Few things in this world go together better than overpriced Chinese food, lots of very cold white wine and the free-form musings of Glasser. His rambling memory of the purchase of a pair of cashmere socks in Hong Kong circa 1987 formed the basis of a running theme in the evening’s conversation. (Hard-earned wisdom: cashmere socks, high-maintenance women and electric dryers are a recipe for disaster.) I flinched, but not too badly, when the $350 check arrived.

This would have made for a fine once-a-year splurge had I not allowed Glasser to choose the venue for the following day’s happy hour.

“Martinis at the Mandarin?” he suggested in the way you or I might float the idea of the Taco Bell drive-thru.

A-hundred-and-twenty dollars later we departed the Mandarin-Oriental’s august lobby drinking chamber. And so it went. I wasn’t necessarily glad to see Glasser return to Japan — but I was able to finance pens and porridge for the rest of the month. Just.

Shanghai Bob

Despite torrid negotiations, chapter-four co-star Shanghai Bob and I were unable to reconcile conflicting schedules and so missed seeing each other in Southeast Asia. Bob is recently back in Thailand after a sabbatical in the Indian Ocean — I’m not allowed to say exactly where, for Shanghai Bob reasons best left shrouded in mystery. We have, however, vowed to get together when I’m back in Hong Kong for seven weeks this fall. For those disappointed by the lack of fresh Bob news, I can reveal that the illustrious Bobster makes a notable appearance in To Hellholes and Back, in Mexico City, of all places.

Randy

Buddy Randy, from chapter two, continues to live the man’s man existence in Alaska. Returning stateside from the densely packed cubicle realm of Hong Kong I headed with Randy directly to the nearly people-free realm of the unorganized territories of the Yukon.
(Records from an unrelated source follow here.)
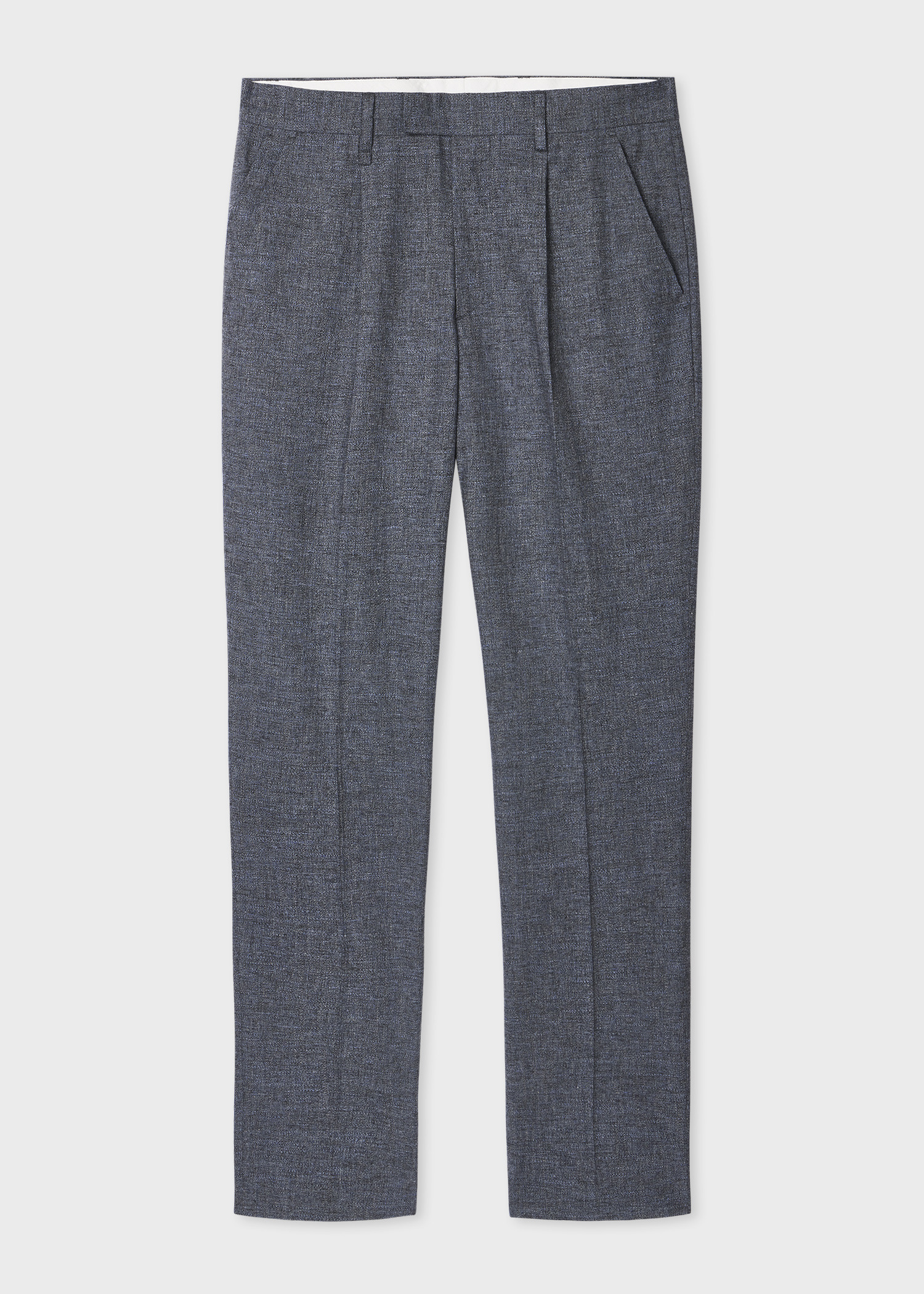 Slate Blue Cotton-Linen Melange Suit - 5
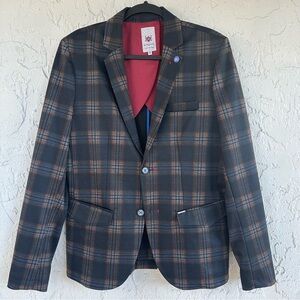ARAGAZA Blazer‎ Jacket Sportscoat Men Medium Plaid Academia Work Preppy Spain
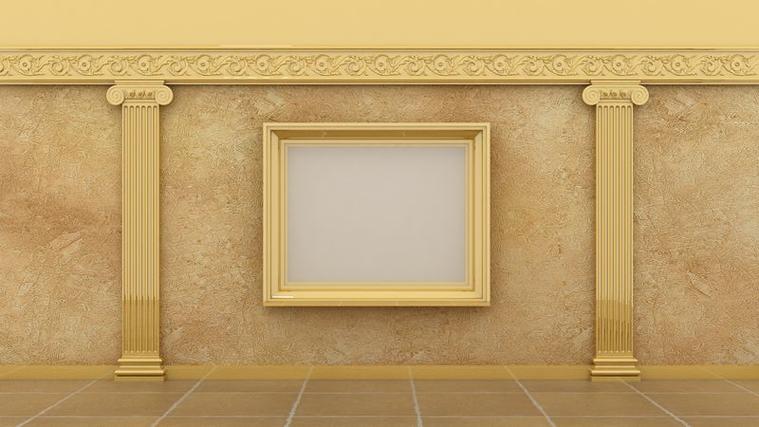 图片金色框架,采用石膏装饰的爱奥尼亚希腊元素和石灰华大理石地板柱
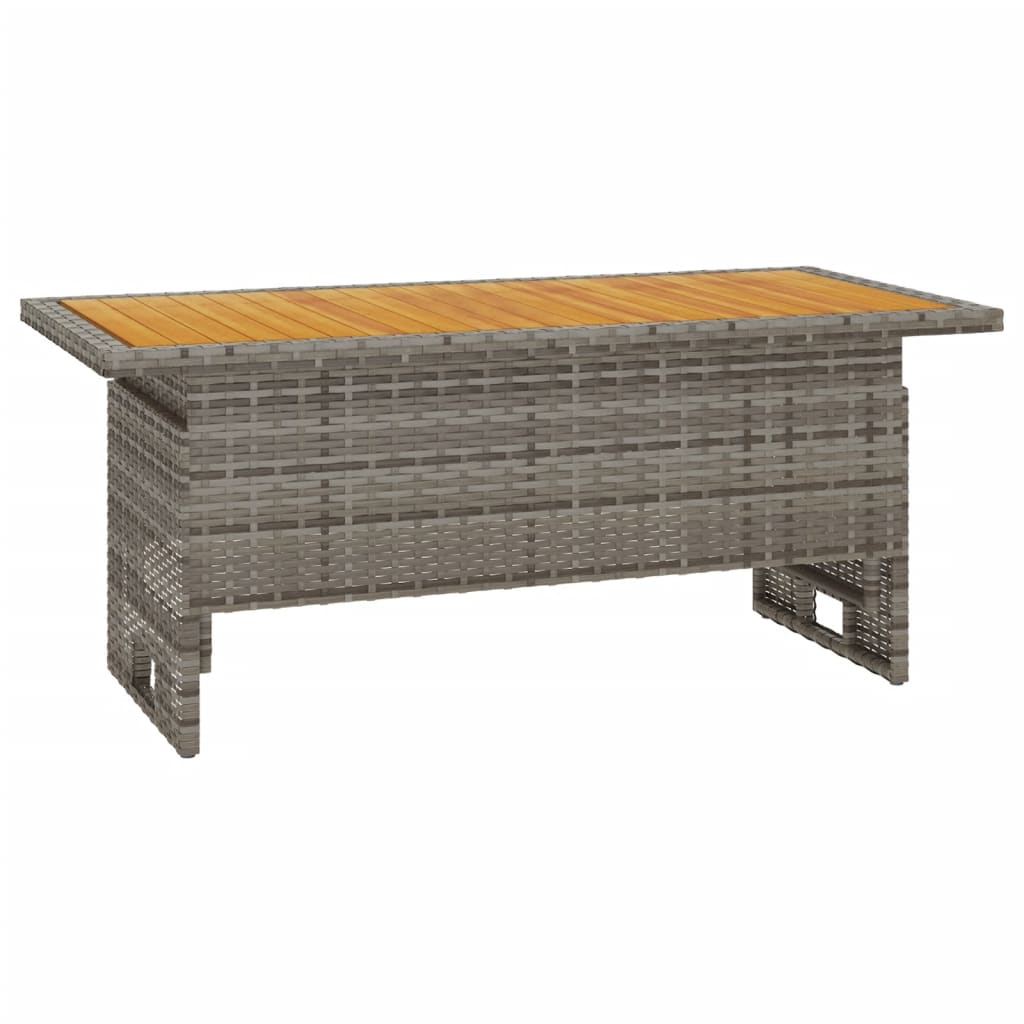 havebord 100x50x43/63 cm massivt akacietræ og polyrattan grå
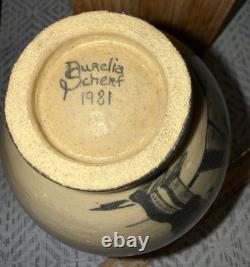 RARE Vintage Unique Artisan Studio Art Pottery Vase Black Horse Scene Signed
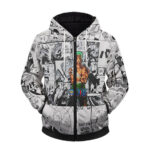 Bruised and Bloody Zoro Comic Strip Art Epic Zip Hoodie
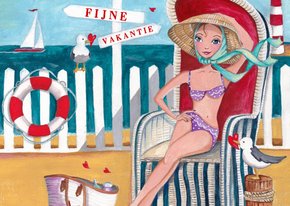 Fijne Vakantie Strand Illustratie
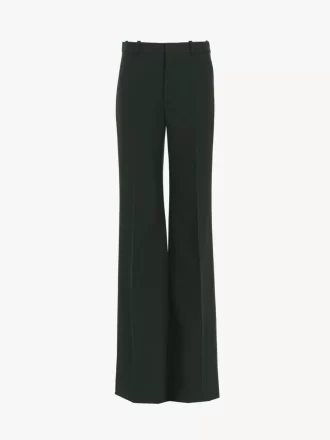 Pantaloni sartoriali svasati in crêpe di lana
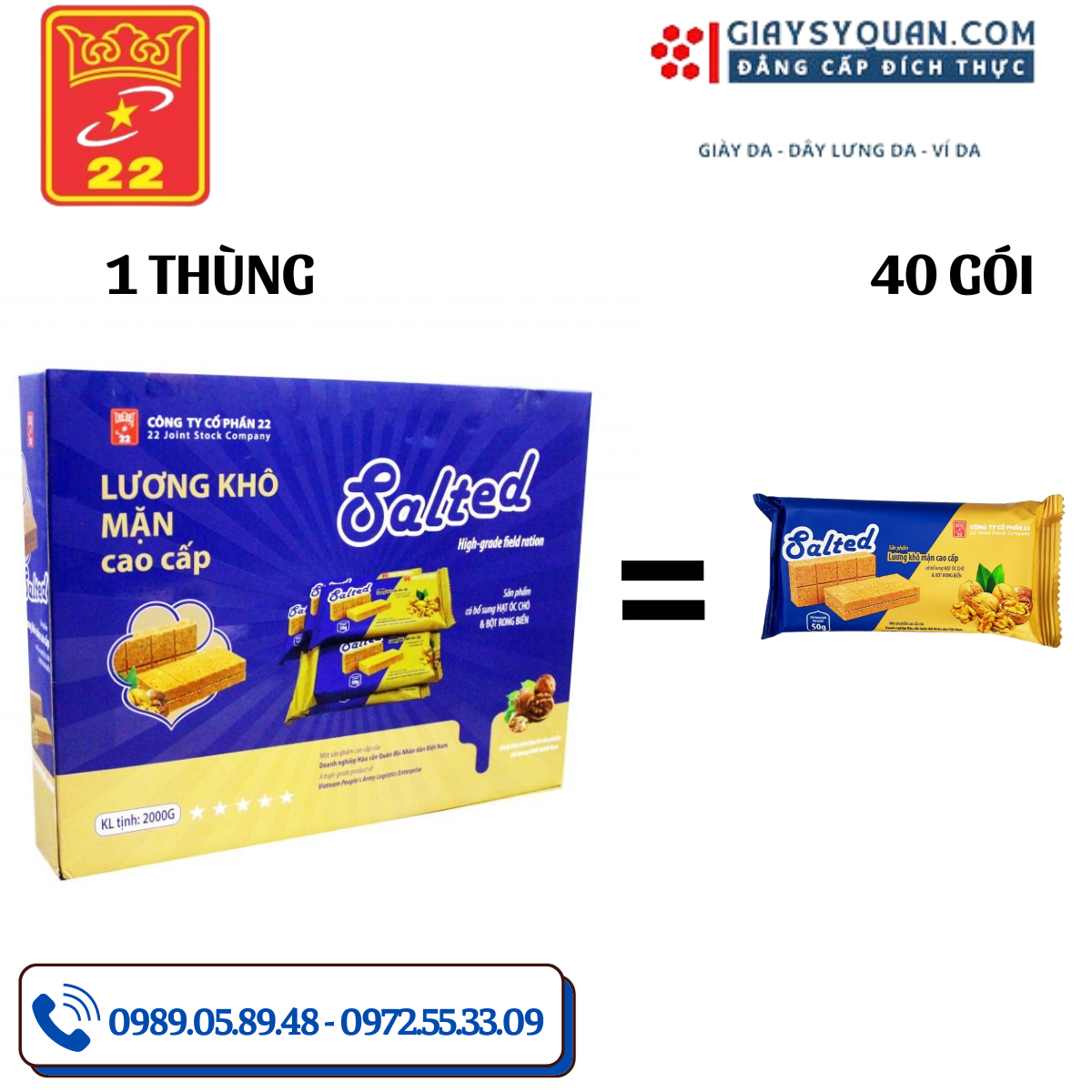 Lương Khô Salted 500g – Bánh Dinh Dưỡng Vị Mặn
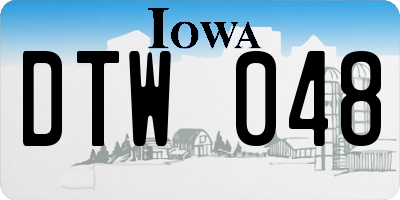 IA license plate DTW048
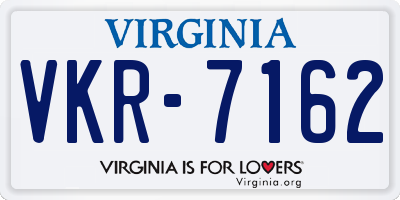 VA license plate VKR7162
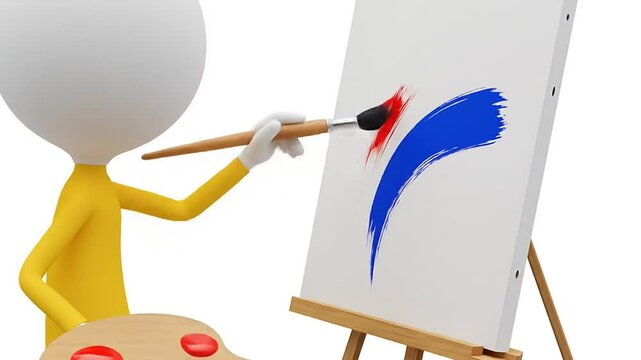 3D stickman Yellow figure painting on canvas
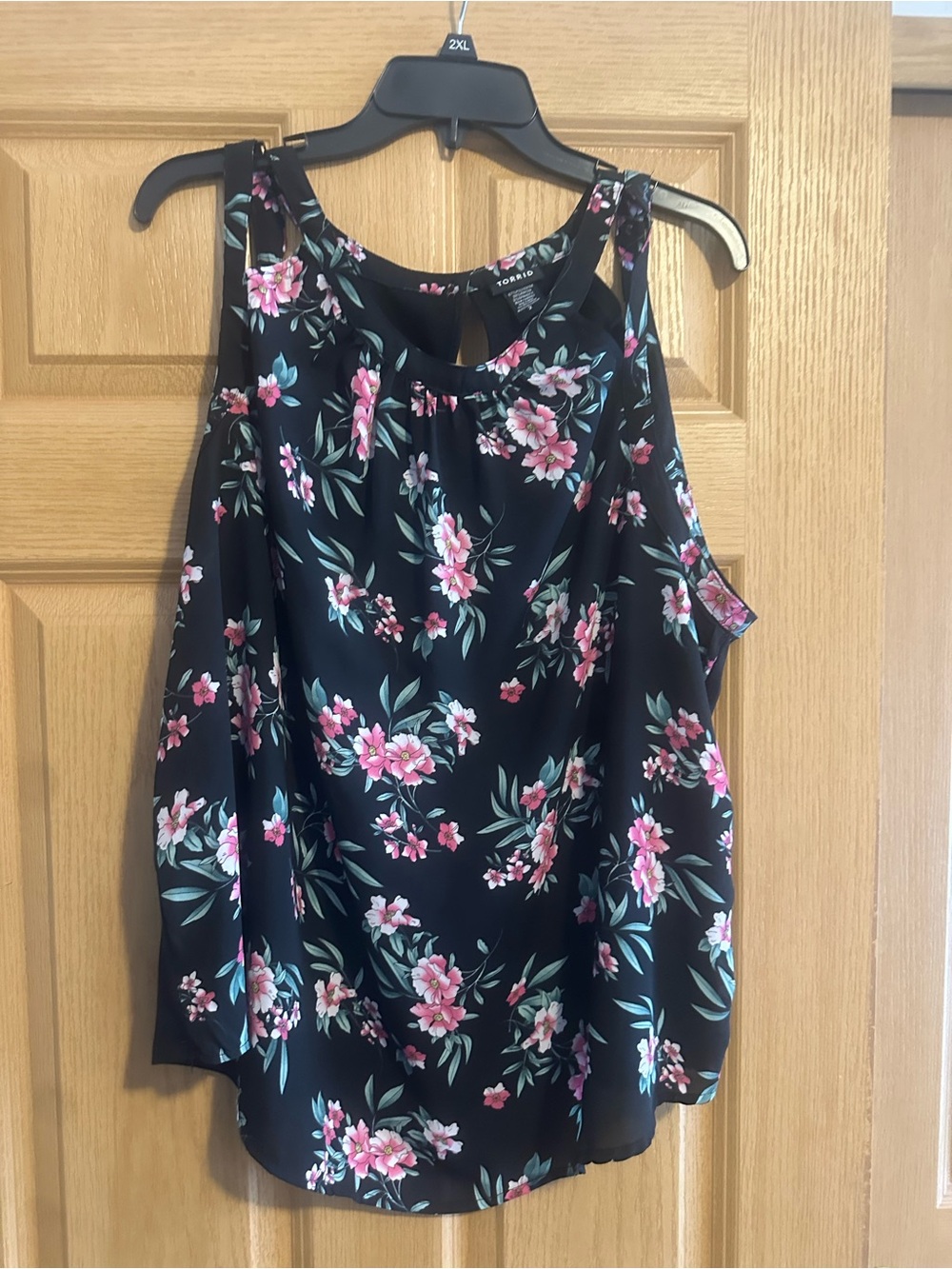 torrid Black Floral Sleeveless Tank with Pink Blossoms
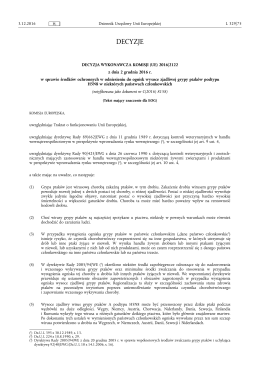 DECYZJA WYKONAWCZA KOMISJI (UE) 2016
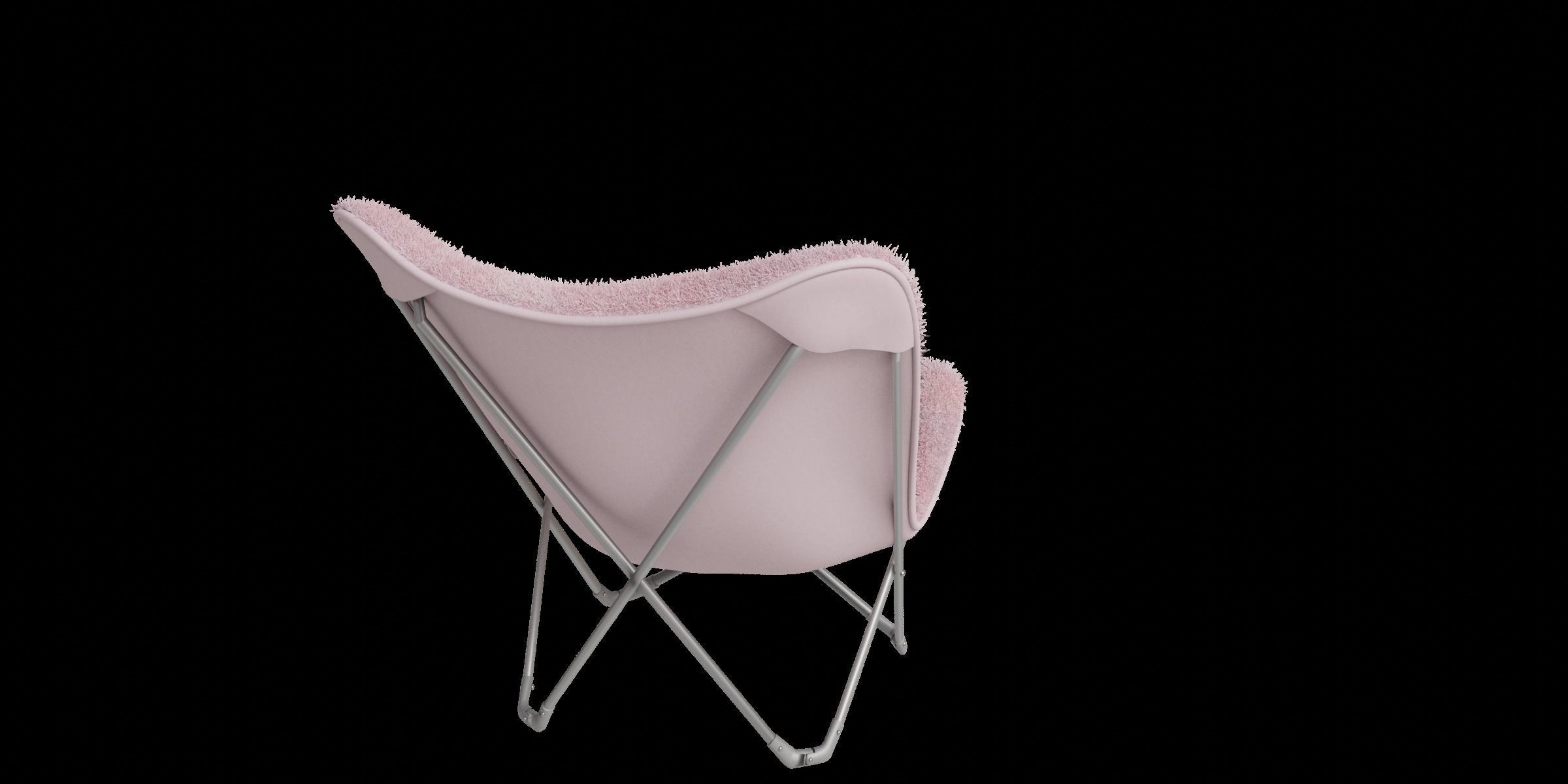Pink Fur Arm Chair 3D model_10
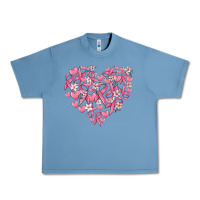 Pebble Blue breast cancer awareness heart Urban Heavy Tee - MaliasSmallBusiness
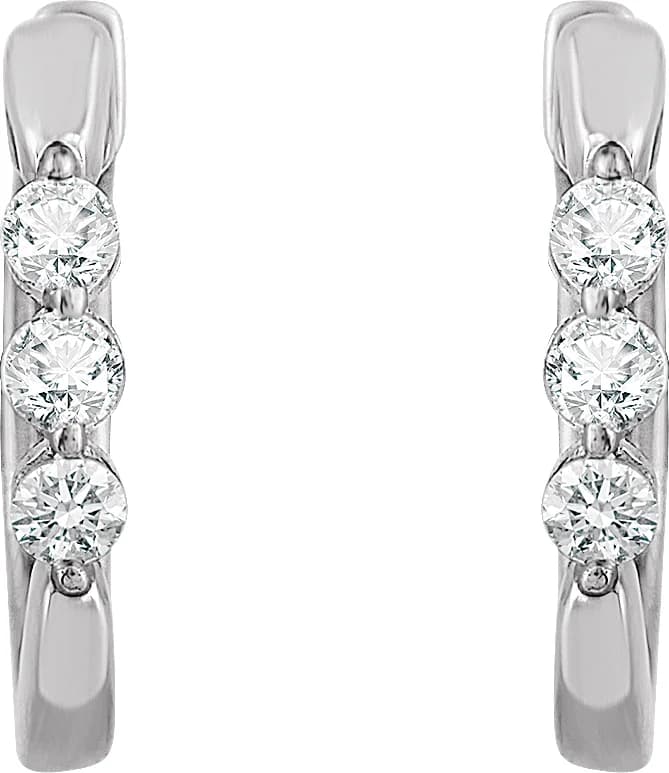 Three-Stone Hoop Earrings — view 3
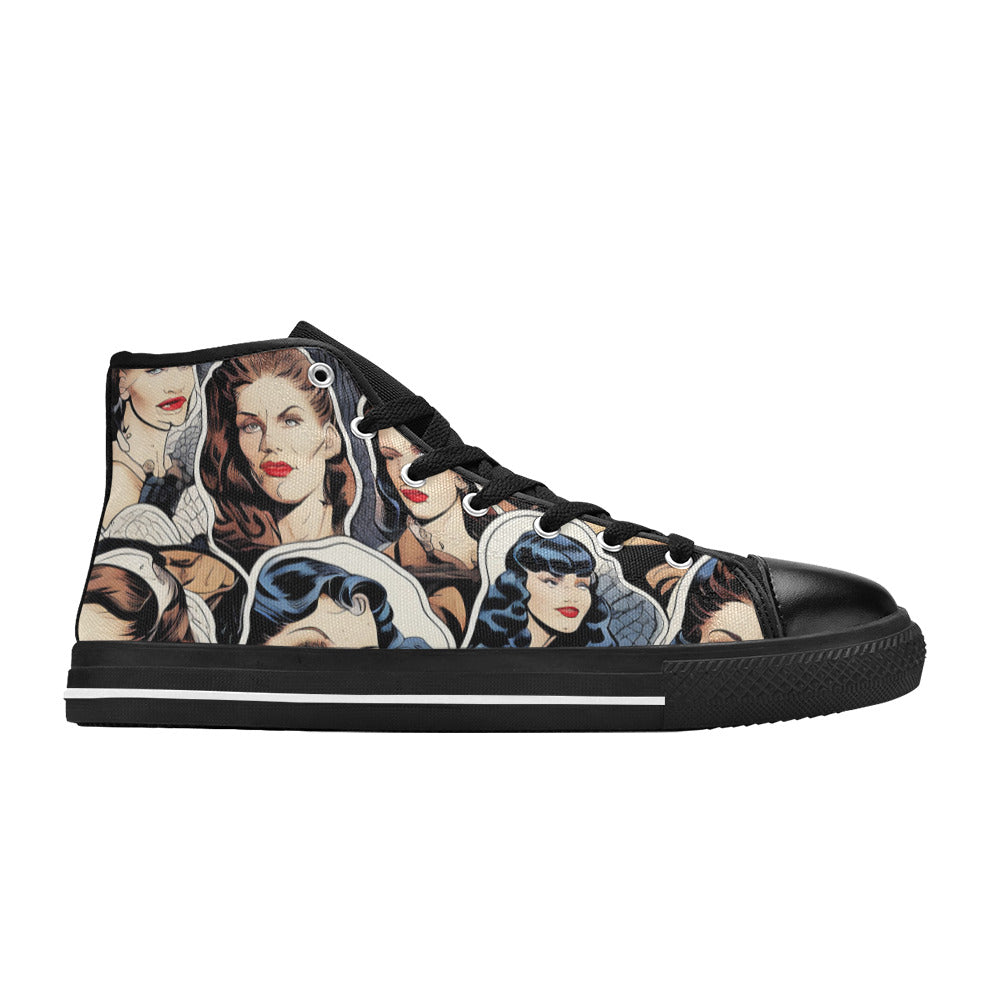 MEN'S Cc Retro Faces Men’S High Top Canvas Cottagecore Custom Sneakers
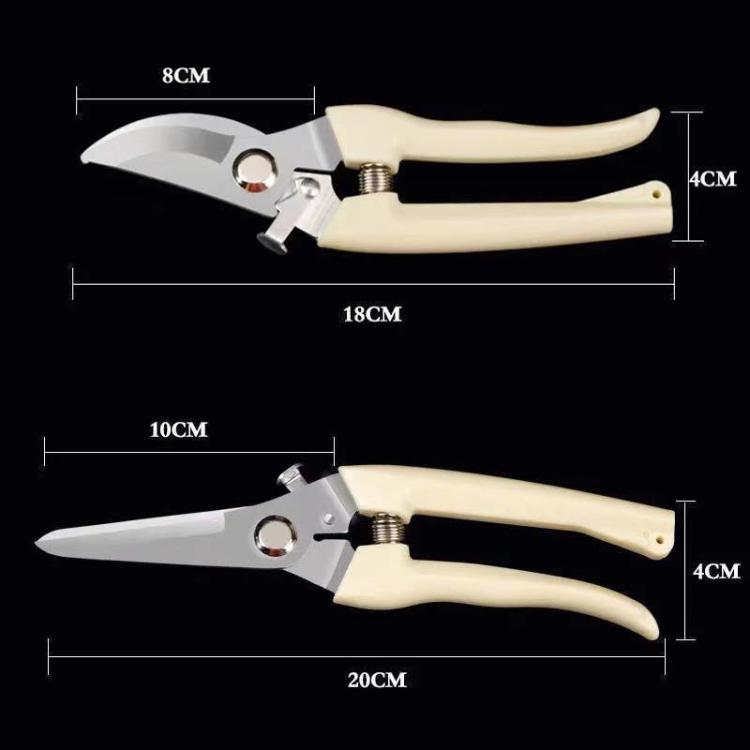 LsCook Heavy-Duty Stainless Steel Pruning Shears Multi-Purpose Gardening Shears, Ivory White Straight-Blade Card Packaging, Ivory White Curved-Blade Card Packaging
I’m not being disrespectful, that’s what they call the area where we put in for a 192-mile, six-day canoe paddle down the Teslin and Yukon Rivers. (And by the way, how kickass is a territory with a Malamute standing atop its coat of arms? Love the Yukon.) On the trip we encountered moose, bear, fox, elk, Germans, even a gray wolf from close range, a rare sight in the wild, assuming you aren’t sitting next to Sarah Palin in a helicopter with .270 Remington on your lap.